## WHAT YOU HAVE TO DO
For the records below, please print exactly and only the lines from the one with "Franco Sarto Hazeline" down to the one with "Nd Exquisites Wundervolles", both ends included, omitting the pictures.

## RECORDS FOR THIS TASK
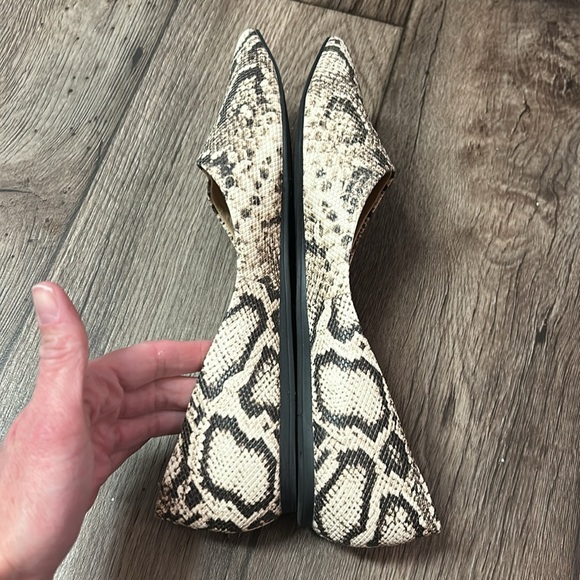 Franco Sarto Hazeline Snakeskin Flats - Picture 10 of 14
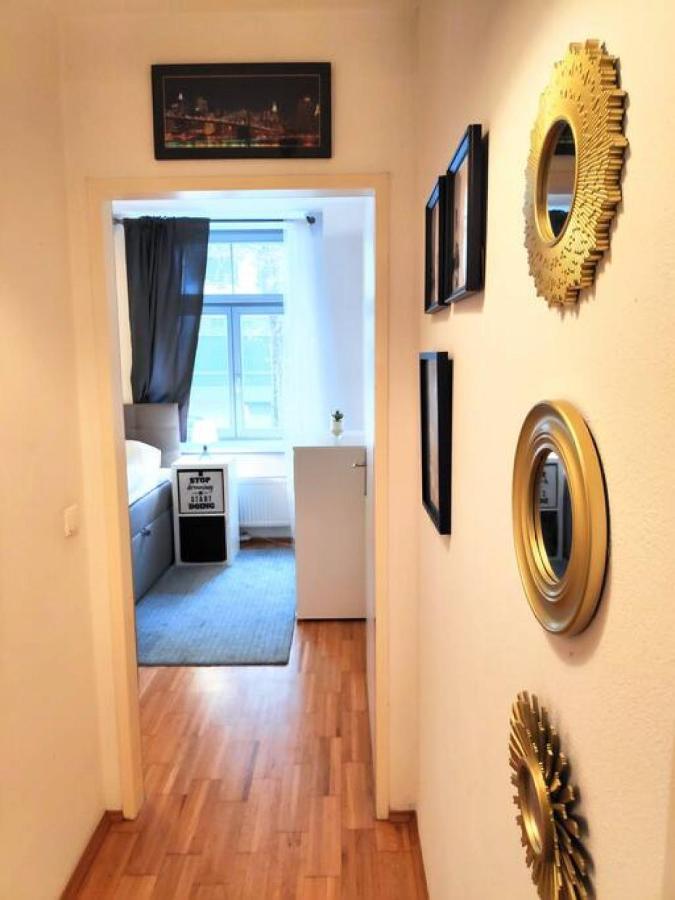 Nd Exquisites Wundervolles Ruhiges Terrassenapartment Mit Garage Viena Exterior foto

...

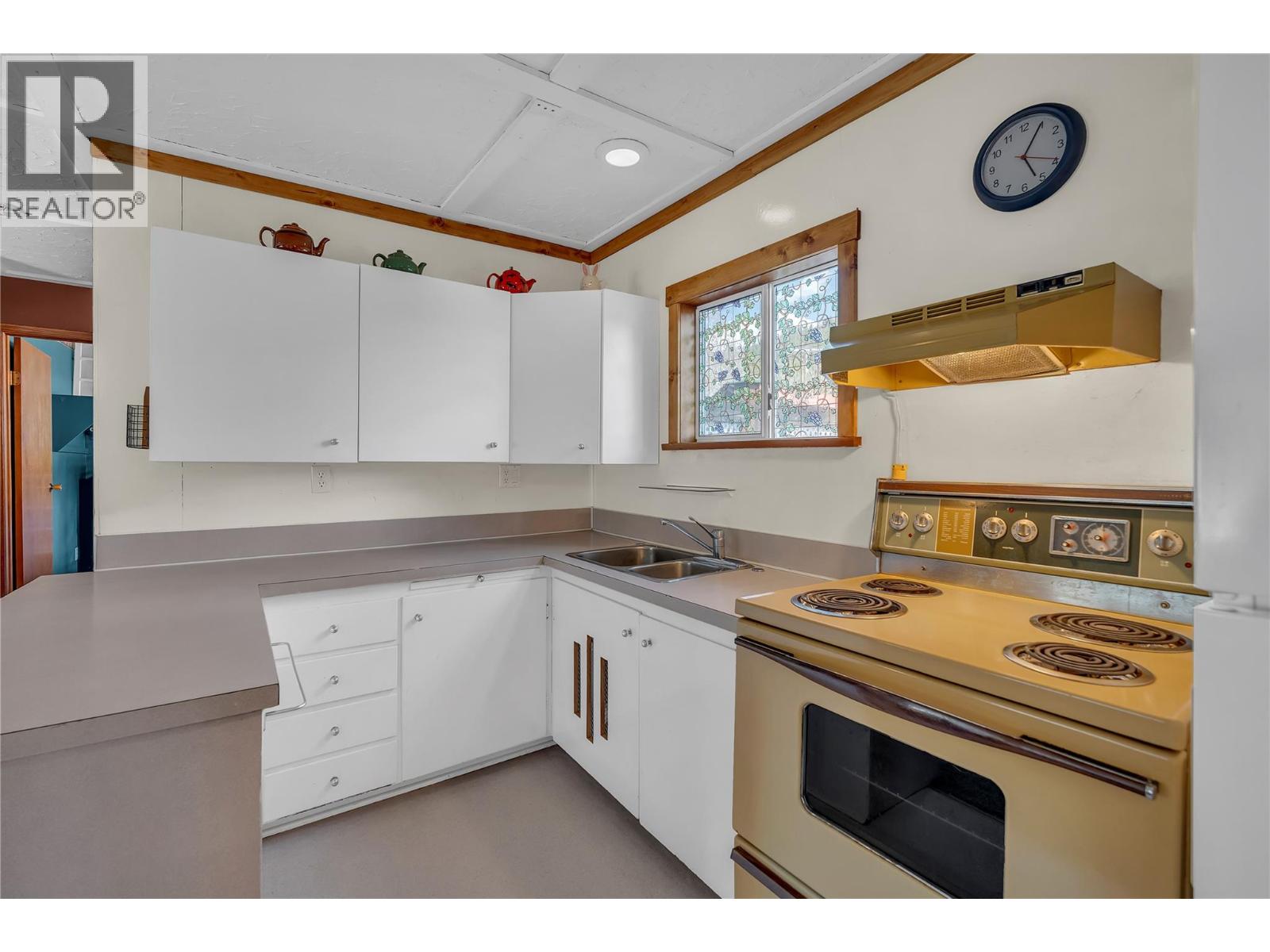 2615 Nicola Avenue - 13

## OUTPUT OF THE EXERCISE
 Franco Sarto Hazeline Snakeskin Flats - Picture 10 of 14
 Nd Exquisites Wundervolles Ruhiges Terrassenapartment Mit Garage Viena Exterior foto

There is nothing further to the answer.